After New Year's, I replaced it with a nice handled CorningWare "Creations" 3 quart oblong baking dish and have been very pleased with how well this new dish is working out. It's much squarer at the corners than my old one was and also much deeper at the (tapered) sides. Suddenly, I have no problem dishing out corner servings and there's never any oven overflow.


So, yes, I've been making a lot of casseroles. I like casseroles -- I get quite a lot of satisfaction of pulling a well-baked casserole from the oven and knowing it is everything that is tasty, pretty, and nutritious all in one pan.

"Vegetables & Noodles with Good Creamy Sauce"

This week started with "Vegetables & Noodles with Good Creamy Sauce" from the lower fat chapter of Maryana Vollstedt's The Big Book of Casseroles. It's a very basic recipe -- mushrooms, zucchini, and bell peppers combined with cooked egg noodles in a white sauce -- which depends pretty heavily on the strength of the sauce. Alas, the sauce was not all that. The sauce (pureed low fat cottage cheese, reduced fat cream cheese, fresh parsley, seasonings, and a splash of milk) was very thick (think Spackle) and tasted very strongly of cream cheese. I will try adding more than a splash of milk next time, but I don't know how to reduce the strong cream cheese flavor. More parsley? More seasoning? More cottage cheese and less cream cheese?

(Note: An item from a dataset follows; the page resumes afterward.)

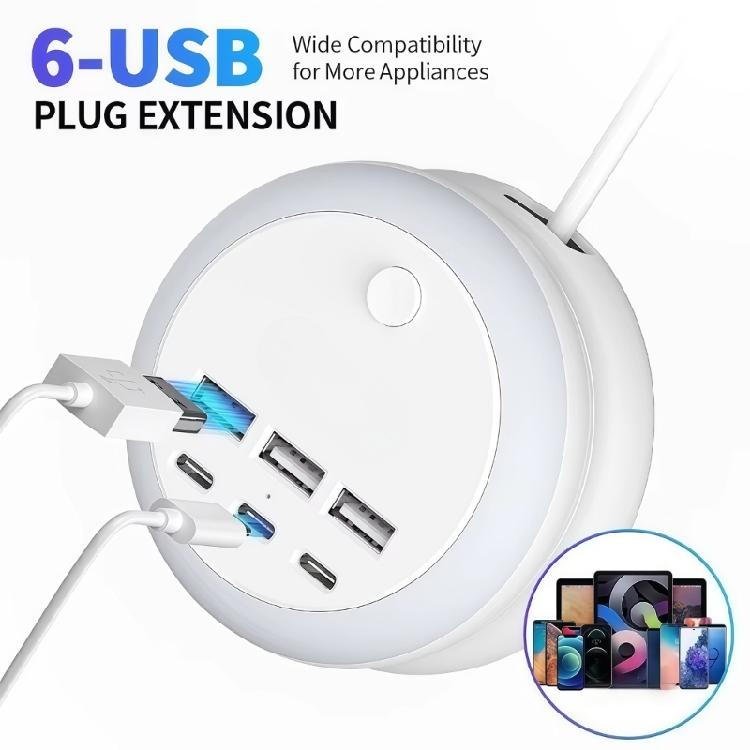 Desktop USB Power Hub with 3Prong Plug, 3 USB-A 3 USB C Port, ClicksControl Night Light, 9x5cm Retractable Cable Body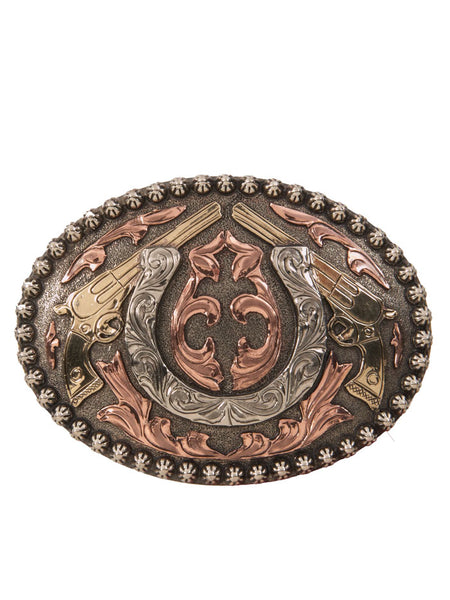 Needzo Silver and Gold Tone Rodeo Metal Belt Buckle, Easy On and Off Back,  Cool Western Style Inspired Buckles for Belts, Cowboy Costume Apparel and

Mind you, The Husband liked this casserole because of the strong cream cheese flavor. Replace the zucchini with chicken and he thinks this could be "really good."

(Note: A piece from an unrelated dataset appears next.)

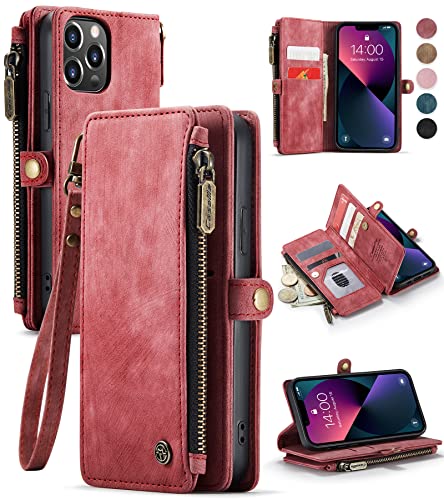 Defencase Compatible with iPhone 13 Pro Case Wallet with Card Holder for Women Men, PU Leather Magnetic Snap Flip Zipper Strap Phone Case Fit for iPhone 13 Pro 6.1", Fashion Red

Next, I made "Tex-Mex Pork Chops" with "Chile Cheddar Penne" from Taste of Home Annual Recipes, 2008. This made a nice supper on a cold, rainy, winter evening. The penne (jazzed up mac & cheese with chilis and corn) had a nice kick and paired well with the chops. I went mild this time as I wasn't sure how zippy the penne would be, but might use hotter peppers in the future. Also, where the recipe called for shredded cheddar and taco powder I used a reduced fat cheese blend and McCormick 30% Less Sodium Taco Seasoning Mix.

The chops came out pretty well, too. Basically, you cook boneless pork loins chops with sauted onions then pour salsa, cumin, and black pepper over them and heat through. The chops come out moist and spicy and pair well with the penne.

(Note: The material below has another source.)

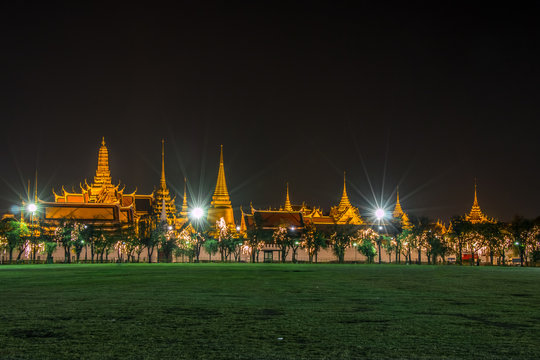 Golden light of Wat Phra Kaew from Sanam Luang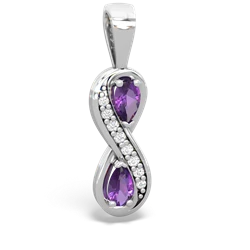 Amethyst Diamond Infinity 14K White Gold pendant P5390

"Turkey-Zucchini Casserole"

Lastly, I made "Turkey-Zucchini Casserole" from the lower fat chapter of Maryana Vollstedt's The Big Book of Casseroles (I really like this book). This dish came out much more like a soft meatloaf than what I think I of a casserole. It's made of browned turkey crumbles (I imagine soy crumbles would work fine), Muir Glen Organic diced tomatoes, zucchini and other veggies, fresh basil and parsley, a little vegetable broth, and lots of dried bread crumbs. It's a weird little dish to look at, but it tastes really good. It's easily the most delicious dish I have prepared this week.

(The Husband, when asked his opinion, said it was "interesting" and promised he would happily eat it again, despite the copious amounts of zucchini).

And what did The Husband make on Thursday? He made hot dogs and ... cake. Yes. It was quite obvious the hot dogs were merely there to legitimize the cake.

Let it be understood that I have married the perfect man.